Sidney Rabekoff, Trustee in Bankruptcy of Acorn Industries, Inc. v. Lazere & Co., Inc.

323 F.2d 865 | 2d Cir. | 1963

323 F.2d 865

Sidney RABEKOFF, trustee in bankruptcy of Acorn Industries, Inc., Plaintiff-Appellee,
v.
LAZERE & CO., Inc., Defendant-Appellant.

No. 6.

Docket 27511.

United States Court of Appeals Second Circuit.

Argued October 1, 1963.

Decided October 22, 1963.

Sidney Feldshuh, New York City (Sidney Rabekoff, New York City, on the brief), for plaintiff-appellee.

George Natanson, New York City (Natanson & Gordon, New York City, on the brief), for defendant-appellant.

Before LUMBARD, Chief Judge, and FRIENDLY and SMITH, Circuit Judges.

J. JOSEPH SMITH, Circuit Judge.

1

The Trustee in Bankruptcy filed suit in the United States District Court for the Southern District of New York to recover payments of $31,696.67 made by the bankrupt to the defendant Lazere pursuant to a stipulation in an attachment action brought by Lazere against the bankrupt in the state court. The Trustee's complaint contained two theories of action. The first cause of action alleged that these payments constituted preferences under Section 60 of the Bankruptcy Act, 11 U.S.C. § 96; the second cause of action alleged that these payments constituted preferences under Section 15 of the New York Stock Corporation Law, McKinney's Consol. Laws, c. 59. The District Court, Richard H. Levet, District Judge, granted "partial summary judgment" for $24,397.67 plus interest, on the theory that payments to that amount plainly were voidable preferential transfers under § 15 of the New York Stock Corporation Law. Decision was reserved on whether the remaining $7,299.00 claimed by the Trustee was voidable under either the Bankruptcy Act or New York law. The District Judge also made a finding that there was no just reason for delay and expressly directed entry of judgment. The defendant has appealed from this judgment, predicating this court's jurisdiction on Rule 54(b) of the Federal Rules of Civil Procedure. We hold the judgment not final and dismiss the appeal.

2

By its own terms Rule 54(b) is applicable only to actions involving multiple claims for relief. "[W]here there is only a single claim or `factual occurrence' the Rule cannot be invoked to confer jurisdiction upon an appellate court." Town of Clarksville, Va. v. United States, 198 F.2d 238, 240 (4 Cir. 1952), cert. denied 344 U.S. 927, 73 S.Ct. 495, 97 L.Ed. 714 (1953). See Seaboard Machinery Corp. v. Seaboard Machinery Corp., 267 F.2d 178 (2 Cir. 1959); Schwartz v.

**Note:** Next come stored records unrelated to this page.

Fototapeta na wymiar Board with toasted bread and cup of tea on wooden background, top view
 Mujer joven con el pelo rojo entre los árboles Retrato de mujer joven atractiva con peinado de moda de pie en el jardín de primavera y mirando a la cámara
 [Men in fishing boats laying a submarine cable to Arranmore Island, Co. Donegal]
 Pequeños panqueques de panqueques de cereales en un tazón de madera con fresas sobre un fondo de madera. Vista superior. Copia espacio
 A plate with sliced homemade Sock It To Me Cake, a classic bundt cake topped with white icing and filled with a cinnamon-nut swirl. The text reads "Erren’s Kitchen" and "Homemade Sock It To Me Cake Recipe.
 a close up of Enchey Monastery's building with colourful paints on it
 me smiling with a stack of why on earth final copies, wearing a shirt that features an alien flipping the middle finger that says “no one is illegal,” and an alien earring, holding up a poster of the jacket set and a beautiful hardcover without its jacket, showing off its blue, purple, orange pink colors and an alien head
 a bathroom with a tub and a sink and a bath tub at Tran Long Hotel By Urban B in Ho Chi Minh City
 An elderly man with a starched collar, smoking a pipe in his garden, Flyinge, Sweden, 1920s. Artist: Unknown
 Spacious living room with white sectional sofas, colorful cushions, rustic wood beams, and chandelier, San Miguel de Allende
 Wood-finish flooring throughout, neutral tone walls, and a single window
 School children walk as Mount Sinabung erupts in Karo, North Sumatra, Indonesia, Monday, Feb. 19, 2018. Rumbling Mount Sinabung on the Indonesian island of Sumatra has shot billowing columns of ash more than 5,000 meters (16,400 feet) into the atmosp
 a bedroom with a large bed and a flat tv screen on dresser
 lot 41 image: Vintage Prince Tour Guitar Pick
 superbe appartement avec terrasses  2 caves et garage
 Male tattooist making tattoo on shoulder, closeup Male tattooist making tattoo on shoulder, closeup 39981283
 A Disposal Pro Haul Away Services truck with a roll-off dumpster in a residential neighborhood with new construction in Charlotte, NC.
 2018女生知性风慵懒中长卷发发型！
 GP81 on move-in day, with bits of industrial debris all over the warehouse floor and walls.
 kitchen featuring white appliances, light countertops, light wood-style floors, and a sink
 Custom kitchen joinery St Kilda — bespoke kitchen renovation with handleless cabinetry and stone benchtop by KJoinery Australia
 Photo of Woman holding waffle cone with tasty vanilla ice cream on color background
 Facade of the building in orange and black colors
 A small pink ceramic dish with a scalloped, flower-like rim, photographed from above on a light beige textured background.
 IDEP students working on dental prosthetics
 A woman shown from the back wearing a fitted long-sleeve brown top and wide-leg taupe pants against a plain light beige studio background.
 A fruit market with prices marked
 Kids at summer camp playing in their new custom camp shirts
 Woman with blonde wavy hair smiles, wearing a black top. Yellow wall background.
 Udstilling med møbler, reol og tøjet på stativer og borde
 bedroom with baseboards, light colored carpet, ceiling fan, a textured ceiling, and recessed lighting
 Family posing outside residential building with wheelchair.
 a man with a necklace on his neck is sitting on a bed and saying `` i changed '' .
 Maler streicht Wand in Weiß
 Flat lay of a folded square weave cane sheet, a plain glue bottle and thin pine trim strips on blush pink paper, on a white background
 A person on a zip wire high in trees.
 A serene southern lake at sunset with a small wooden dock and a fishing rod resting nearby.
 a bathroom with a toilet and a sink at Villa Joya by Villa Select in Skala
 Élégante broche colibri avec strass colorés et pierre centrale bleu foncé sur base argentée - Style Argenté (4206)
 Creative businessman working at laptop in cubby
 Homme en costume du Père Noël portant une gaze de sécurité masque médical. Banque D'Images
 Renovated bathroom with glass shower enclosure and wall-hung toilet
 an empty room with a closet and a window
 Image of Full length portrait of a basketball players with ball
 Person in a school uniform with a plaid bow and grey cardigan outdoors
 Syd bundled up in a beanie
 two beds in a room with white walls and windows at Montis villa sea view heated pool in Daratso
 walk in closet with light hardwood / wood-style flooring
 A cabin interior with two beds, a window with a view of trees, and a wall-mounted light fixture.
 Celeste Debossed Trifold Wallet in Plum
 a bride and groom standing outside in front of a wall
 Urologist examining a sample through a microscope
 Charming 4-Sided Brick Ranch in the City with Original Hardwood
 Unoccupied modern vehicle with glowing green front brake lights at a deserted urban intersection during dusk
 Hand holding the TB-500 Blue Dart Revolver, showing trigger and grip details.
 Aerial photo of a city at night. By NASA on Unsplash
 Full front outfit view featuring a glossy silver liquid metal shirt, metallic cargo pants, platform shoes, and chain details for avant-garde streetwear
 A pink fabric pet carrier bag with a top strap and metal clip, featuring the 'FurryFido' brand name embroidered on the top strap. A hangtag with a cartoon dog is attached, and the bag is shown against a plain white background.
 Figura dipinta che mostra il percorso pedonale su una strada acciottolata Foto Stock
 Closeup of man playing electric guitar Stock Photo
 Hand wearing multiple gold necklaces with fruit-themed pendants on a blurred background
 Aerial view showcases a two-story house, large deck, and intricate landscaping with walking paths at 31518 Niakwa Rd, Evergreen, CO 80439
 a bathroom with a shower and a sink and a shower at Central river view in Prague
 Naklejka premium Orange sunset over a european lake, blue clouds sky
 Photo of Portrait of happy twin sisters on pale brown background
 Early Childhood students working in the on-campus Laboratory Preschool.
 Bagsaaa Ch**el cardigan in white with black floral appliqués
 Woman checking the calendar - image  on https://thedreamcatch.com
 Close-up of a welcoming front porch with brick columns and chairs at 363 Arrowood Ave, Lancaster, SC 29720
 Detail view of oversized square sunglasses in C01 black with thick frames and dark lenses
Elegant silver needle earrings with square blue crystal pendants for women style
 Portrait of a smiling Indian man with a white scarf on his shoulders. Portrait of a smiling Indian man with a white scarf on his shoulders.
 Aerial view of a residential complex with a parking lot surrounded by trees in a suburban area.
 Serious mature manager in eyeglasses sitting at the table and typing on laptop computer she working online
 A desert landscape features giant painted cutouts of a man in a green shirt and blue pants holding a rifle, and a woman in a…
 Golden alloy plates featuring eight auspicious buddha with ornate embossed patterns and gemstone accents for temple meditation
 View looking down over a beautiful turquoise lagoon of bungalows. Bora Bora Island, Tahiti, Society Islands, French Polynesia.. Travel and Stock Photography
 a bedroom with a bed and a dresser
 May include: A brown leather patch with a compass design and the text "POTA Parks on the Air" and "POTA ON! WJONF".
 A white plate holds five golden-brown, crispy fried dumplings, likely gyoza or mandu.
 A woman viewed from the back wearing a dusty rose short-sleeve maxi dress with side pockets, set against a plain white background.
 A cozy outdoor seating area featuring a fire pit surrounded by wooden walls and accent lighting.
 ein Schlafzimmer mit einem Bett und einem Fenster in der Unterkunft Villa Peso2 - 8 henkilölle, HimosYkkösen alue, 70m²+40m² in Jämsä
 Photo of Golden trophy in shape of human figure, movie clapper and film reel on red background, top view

Eaton, 264 F.2d 195 (2 Cir. 1959).1 Rule 54(b) does not give the District Judge the power to enter a final judgment with respect to part of a single claim. Cott Beverage Corp. v. Canada Dry Ginger Ale, 243 F.2d 195 (2 Cir. 1957). Where appeal from a judgment on less than an entire claim is based on certification pursuant to Rule 54(b), the appeal must be dismissed as premature. Seaboard Machinery Corp. v. Seaboard Machinery Corp., supra. See also 6 Moore's Federal Practice, ¶¶ 54.33, 56.20[4] (1953).

3

The District Judge below assumed that the complaint involved multiple claims for relief because it stated two causes of action. But a complaint must do more than simply state alternate legal theories to set out multiple claims for relief. Cmax, Inc. v. Drewry Photocolor Corp., 295 F.2d 695, 697 (9 Cir. 1961). Each claim must arise from a different factual occurrence or transaction. Reeves v. Beardall, 316 U.S. 283, 285, 62 S.Ct. 1085, 86 L.Ed. 1478 (1942); Cott Beverage Corp. v. Canada Dry Ginger Ale, supra. Here the entire controversy arose from a single factual occurrence, the series of payments made by the bankrupt to the defendant pursuant to a stipulation in an attachment action.

4

Moreover, the District Judge has not even disposed of one of the causes of action advanced in the Trustee's complaint. The defendant was a secured creditor to the extent of certain accounts receivable, which it reassigned to the bankrupt after the payments totaling $31,696.67 were made. Lazere realized at least $7,299.00 on these accounts, and the Trustee admits that the judgment may have to be modified if further collections on the accounts are made. This admission indicated how far from final this pre-trial order designated by the misnomer "partial summary judgment" really is. Furthermore, the Trustee is still able to pursue the $7,299.00 balance of his claim under Section 60 of the Bankruptcy Act or Section 15 of the New York Stock Corporation Law. Rule 54 (b) does not relax the finality required of each decision on an individual claim to render it appealable. Sears, Roebuck & Co. v. Mackey, 351 U.S. 427, 435, 76 S.Ct. 895, 100 L.Ed. 1297 (1956).

5

Since there is no "final decision" from which an appeal may be taken to this court, 28 U.S.C. § 1291, the appeal is dismissed. But since execution may issue on the judgment, we suggest that the District Judge stay execution upon the filing of a bond by Lazere so that Lazere's right to appeal after final judgment may be fully preserved.2

Notes:

1

When confronted with the dilemma that an order granting partial summary judgment was really interlocutory but that the defendant might have to satisfy the judgment without having a chance to appeal, the 7th Circuit held such an order appealable. Biggins v. Oltmer Iron Works, 154 F.2d 214 (1946); Commonwealth Ins. Co. v. O'Henry Tent & Awning Co., 266 F.2d 200, 75 A.L.R.2d 1198 (7 Cir. 1959). But this approach permits a federal rule to enlarge the appellate jurisdiction of the court. Where the District Judge has issued a final judgment on which execution can issue on less than a single claim, it would seem that the remedy is not to entertain an appeal which Congress has forbidden, but, if necessary, to employ the remedy normally used when a court has exceeded its jurisdiction — mandamus

2

In the light of our conclusion that the order appealed from is provisional only, the District Court may well conclude after further reflection that the character of the payments involved may depend in part on issues of fact asserted by the parties requiring resolution on trial rather than on the affidavits and depositions thus far received. Cf. Audi Vision Inc. v. RCA Mfg. Co., 136 F.2d 621, 624, 147 A.L.R. 574 (2 Cir. 1943)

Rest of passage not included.